THE PROBLEM -> Search the records below for the word "Maison" and show every line where it occurs.
═════ EXERCISE MATERIALS ═════
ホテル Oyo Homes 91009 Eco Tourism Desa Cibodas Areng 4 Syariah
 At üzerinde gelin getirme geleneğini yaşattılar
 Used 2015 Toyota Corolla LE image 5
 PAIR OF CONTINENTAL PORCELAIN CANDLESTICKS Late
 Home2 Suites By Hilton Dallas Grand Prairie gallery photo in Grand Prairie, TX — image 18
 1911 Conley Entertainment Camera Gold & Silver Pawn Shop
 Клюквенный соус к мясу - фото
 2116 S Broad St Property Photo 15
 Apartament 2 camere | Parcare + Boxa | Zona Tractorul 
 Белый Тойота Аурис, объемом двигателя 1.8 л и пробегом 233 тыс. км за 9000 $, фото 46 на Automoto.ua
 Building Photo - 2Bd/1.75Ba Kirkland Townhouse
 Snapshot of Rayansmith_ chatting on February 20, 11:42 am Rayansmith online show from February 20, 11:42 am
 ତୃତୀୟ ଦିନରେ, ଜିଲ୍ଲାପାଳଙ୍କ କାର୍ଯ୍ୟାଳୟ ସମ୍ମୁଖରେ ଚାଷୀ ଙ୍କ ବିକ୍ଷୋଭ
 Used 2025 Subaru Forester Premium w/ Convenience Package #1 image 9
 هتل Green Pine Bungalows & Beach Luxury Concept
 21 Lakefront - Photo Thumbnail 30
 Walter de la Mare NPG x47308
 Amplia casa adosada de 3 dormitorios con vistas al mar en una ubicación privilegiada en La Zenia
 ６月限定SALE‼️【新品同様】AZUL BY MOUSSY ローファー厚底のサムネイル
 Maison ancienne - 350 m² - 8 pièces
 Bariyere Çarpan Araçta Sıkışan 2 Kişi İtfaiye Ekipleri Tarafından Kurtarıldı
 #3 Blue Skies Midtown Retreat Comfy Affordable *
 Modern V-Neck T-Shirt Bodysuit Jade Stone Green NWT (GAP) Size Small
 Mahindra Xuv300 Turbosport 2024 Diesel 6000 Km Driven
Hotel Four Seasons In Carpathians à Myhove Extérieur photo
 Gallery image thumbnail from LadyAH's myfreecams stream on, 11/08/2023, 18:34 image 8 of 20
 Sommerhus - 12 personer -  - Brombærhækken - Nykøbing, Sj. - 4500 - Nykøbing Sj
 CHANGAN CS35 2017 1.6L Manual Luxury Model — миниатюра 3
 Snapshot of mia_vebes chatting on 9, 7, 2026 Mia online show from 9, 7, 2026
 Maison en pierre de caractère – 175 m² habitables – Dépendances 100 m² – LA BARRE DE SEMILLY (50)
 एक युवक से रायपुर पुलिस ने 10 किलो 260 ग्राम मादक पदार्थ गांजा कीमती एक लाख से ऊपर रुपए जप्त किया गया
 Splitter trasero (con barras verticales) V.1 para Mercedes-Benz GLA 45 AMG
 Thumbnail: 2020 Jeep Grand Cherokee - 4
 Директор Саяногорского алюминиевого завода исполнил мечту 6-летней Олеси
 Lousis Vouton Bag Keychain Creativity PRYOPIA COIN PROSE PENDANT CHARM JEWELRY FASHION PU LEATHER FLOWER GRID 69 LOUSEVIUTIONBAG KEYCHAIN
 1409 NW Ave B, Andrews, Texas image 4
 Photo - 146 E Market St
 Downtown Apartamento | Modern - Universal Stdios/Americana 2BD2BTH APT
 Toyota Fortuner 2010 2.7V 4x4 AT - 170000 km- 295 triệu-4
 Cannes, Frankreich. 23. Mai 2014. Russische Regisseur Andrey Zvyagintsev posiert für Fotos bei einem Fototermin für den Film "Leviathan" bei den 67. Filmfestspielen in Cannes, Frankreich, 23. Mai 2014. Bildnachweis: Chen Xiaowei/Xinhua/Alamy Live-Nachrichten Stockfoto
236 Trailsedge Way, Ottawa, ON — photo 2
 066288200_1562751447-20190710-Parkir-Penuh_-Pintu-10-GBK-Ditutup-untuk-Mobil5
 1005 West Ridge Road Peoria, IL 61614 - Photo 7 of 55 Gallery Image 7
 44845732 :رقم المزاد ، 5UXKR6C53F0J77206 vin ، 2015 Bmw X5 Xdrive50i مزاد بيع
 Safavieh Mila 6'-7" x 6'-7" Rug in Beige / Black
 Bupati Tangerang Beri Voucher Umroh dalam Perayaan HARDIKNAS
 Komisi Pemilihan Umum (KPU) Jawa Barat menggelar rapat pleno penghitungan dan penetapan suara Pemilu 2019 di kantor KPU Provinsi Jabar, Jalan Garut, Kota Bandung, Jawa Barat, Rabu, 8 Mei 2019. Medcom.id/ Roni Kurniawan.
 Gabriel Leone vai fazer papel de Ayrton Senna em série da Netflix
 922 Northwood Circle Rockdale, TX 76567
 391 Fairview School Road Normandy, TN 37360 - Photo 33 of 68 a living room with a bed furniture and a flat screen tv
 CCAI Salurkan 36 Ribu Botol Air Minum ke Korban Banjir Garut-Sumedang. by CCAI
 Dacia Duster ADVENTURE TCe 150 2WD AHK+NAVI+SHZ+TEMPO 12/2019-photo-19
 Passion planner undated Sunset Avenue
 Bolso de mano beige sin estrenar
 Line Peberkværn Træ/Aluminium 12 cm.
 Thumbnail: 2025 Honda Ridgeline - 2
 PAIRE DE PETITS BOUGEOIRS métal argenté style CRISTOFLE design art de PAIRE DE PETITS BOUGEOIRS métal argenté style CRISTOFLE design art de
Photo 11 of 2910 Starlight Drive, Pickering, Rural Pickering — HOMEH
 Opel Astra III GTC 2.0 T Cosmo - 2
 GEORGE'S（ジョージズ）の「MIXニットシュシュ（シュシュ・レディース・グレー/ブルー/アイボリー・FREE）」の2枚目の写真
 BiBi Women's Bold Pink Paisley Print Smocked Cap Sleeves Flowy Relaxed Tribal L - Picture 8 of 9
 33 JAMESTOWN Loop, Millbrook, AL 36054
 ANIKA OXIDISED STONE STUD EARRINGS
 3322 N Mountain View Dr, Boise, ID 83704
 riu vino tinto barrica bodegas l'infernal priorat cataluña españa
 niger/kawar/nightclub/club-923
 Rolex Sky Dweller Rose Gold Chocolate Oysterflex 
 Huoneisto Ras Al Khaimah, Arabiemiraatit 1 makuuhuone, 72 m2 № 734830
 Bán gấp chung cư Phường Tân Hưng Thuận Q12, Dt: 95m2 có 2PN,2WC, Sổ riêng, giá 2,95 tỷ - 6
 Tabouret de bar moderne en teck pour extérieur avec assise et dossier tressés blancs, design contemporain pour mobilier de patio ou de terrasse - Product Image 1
═════
RESPONSE TO THIS TASK ->
 Maison ancienne - 350 m² - 8 pièces
 Maison en pierre de caractère – 175 m² habitables – Dépendances 100 m² – LA BARRE DE SEMILLY (50)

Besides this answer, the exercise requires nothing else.